Scraped caption text data
▼

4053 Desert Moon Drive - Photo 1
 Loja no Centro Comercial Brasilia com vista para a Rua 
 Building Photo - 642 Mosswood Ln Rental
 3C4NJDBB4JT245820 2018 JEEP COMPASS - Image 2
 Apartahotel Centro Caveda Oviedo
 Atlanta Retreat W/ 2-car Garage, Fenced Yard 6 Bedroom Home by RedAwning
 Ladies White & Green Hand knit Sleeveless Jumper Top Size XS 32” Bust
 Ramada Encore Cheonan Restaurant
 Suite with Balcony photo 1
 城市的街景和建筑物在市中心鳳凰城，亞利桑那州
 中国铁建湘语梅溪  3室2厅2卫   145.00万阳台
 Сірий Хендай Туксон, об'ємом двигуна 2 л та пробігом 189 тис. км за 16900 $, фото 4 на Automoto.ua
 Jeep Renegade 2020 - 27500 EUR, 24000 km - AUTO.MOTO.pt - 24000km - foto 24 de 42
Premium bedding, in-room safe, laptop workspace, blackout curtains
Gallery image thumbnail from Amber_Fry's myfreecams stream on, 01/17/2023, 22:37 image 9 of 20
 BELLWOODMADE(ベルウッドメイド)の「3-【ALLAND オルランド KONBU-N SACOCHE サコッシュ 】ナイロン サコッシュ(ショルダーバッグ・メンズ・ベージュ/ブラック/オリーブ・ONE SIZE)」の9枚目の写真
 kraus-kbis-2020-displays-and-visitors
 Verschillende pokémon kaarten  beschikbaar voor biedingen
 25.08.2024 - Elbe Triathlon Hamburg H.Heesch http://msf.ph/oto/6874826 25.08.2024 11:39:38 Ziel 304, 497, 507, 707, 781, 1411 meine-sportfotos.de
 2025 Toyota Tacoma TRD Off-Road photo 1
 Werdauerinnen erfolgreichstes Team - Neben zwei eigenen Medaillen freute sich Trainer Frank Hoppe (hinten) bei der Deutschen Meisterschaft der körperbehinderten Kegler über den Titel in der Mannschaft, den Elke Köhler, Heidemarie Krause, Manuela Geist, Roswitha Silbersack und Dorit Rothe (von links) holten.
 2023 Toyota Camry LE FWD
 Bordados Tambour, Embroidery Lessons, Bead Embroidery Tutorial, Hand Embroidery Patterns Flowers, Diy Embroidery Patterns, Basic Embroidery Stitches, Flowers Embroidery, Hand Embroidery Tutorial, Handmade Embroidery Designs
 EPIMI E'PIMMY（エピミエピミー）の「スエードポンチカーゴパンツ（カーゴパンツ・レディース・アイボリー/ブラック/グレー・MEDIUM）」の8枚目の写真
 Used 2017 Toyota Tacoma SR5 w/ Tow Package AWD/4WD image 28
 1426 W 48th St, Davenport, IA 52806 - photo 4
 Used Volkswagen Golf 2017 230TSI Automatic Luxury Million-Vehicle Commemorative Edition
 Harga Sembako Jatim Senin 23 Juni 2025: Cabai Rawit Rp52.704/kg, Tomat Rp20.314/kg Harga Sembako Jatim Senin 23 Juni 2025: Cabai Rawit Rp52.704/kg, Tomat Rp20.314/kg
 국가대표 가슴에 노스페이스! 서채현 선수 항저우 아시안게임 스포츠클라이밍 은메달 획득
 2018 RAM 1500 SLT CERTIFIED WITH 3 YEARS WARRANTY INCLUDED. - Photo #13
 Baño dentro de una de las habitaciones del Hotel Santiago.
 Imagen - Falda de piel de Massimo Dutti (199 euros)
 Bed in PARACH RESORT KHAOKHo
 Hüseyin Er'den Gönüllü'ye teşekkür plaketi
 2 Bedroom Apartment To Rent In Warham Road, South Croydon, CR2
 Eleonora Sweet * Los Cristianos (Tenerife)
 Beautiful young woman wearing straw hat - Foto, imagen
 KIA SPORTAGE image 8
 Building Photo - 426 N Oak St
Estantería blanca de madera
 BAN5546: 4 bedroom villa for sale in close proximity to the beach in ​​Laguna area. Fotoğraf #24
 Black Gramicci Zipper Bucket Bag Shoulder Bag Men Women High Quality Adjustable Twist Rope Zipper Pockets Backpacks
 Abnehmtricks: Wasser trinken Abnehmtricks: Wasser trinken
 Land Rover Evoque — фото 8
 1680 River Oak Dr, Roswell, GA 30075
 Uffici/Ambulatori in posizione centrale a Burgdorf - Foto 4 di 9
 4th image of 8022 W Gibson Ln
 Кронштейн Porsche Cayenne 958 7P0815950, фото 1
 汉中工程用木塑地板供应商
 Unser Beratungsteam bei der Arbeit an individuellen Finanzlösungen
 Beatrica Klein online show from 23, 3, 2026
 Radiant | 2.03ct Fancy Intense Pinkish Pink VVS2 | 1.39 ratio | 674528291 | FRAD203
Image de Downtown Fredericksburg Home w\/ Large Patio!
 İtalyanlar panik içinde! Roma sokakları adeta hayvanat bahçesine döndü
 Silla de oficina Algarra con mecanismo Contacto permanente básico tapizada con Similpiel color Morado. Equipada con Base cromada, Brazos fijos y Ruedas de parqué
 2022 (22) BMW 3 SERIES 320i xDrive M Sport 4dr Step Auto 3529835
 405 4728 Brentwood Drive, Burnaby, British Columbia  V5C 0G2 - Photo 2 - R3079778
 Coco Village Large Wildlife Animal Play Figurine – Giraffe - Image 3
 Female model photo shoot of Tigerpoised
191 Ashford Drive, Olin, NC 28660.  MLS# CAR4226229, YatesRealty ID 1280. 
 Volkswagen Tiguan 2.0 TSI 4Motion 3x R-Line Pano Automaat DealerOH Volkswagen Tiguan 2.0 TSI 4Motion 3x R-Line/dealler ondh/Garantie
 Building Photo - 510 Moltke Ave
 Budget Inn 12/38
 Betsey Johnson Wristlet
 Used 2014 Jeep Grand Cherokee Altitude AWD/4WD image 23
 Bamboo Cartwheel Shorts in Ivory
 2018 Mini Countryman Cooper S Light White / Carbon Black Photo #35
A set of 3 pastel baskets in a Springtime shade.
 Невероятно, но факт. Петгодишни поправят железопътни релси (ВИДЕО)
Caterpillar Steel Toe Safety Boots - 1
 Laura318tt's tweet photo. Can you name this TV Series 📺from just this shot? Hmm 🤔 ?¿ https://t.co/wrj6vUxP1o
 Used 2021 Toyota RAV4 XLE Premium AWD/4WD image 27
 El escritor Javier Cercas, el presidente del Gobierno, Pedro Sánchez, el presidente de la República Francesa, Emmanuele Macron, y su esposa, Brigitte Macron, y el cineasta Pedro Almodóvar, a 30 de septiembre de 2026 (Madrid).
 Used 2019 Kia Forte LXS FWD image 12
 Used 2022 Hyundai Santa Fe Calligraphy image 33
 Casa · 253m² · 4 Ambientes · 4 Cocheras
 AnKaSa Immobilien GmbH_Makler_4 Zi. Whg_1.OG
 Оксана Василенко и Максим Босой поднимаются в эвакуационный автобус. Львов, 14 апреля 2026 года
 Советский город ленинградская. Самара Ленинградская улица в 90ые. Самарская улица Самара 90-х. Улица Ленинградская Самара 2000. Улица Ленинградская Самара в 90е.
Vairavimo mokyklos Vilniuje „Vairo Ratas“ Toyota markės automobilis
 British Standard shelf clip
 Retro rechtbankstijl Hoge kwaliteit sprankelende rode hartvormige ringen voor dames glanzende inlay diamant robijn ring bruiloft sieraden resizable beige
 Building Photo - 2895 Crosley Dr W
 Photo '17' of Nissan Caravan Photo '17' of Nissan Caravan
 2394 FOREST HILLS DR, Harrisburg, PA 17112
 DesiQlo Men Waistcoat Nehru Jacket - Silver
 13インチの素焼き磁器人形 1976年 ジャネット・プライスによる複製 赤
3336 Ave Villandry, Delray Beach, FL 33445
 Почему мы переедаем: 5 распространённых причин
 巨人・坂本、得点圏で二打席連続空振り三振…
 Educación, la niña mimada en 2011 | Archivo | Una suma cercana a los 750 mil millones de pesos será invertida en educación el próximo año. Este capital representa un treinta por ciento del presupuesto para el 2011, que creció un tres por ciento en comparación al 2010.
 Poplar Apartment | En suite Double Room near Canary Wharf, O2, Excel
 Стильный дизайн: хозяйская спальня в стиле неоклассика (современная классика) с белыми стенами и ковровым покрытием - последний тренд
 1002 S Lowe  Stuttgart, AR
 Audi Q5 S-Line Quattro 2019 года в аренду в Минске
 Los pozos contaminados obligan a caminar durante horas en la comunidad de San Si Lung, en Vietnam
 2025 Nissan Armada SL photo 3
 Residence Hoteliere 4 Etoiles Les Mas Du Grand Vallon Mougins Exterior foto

▲

#### EXERCISE GOAL:
Copy word for word the stretch of entries above from the line that has "국가대표 가슴에 노스페이스!" through the line that has "Radiant | 2.03ct", both ends included, and nothing outside it.

#### PROBLEM SOLUTION:
 국가대표 가슴에 노스페이스! 서채현 선수 항저우 아시안게임 스포츠클라이밍 은메달 획득
 2018 RAM 1500 SLT CERTIFIED WITH 3 YEARS WARRANTY INCLUDED. - Photo #13
 Baño dentro de una de las habitaciones del Hotel Santiago.
 Imagen - Falda de piel de Massimo Dutti (199 euros)
 Bed in PARACH RESORT KHAOKHo
 Hüseyin Er'den Gönüllü'ye teşekkür plaketi
 2 Bedroom Apartment To Rent In Warham Road, South Croydon, CR2
 Eleonora Sweet * Los Cristianos (Tenerife)
 Beautiful young woman wearing straw hat - Foto, imagen
 KIA SPORTAGE image 8
 Building Photo - 426 N Oak St
Estantería blanca de madera
 BAN5546: 4 bedroom villa for sale in close proximity to the beach in ​​Laguna area. Fotoğraf #24
 Black Gramicci Zipper Bucket Bag Shoulder Bag Men Women High Quality Adjustable Twist Rope Zipper Pockets Backpacks
 Abnehmtricks: Wasser trinken Abnehmtricks: Wasser trinken
 Land Rover Evoque — фото 8
 1680 River Oak Dr, Roswell, GA 30075
 Uffici/Ambulatori in posizione centrale a Burgdorf - Foto 4 di 9
 4th image of 8022 W Gibson Ln
 Кронштейн Porsche Cayenne 958 7P0815950, фото 1
 汉中工程用木塑地板供应商
 Unser Beratungsteam bei der Arbeit an individuellen Finanzlösungen
 Beatrica Klein online show from 23, 3, 2026
 Radiant | 2.03ct Fancy Intense Pinkish Pink VVS2 | 1.39 ratio | 674528291 | FRAD203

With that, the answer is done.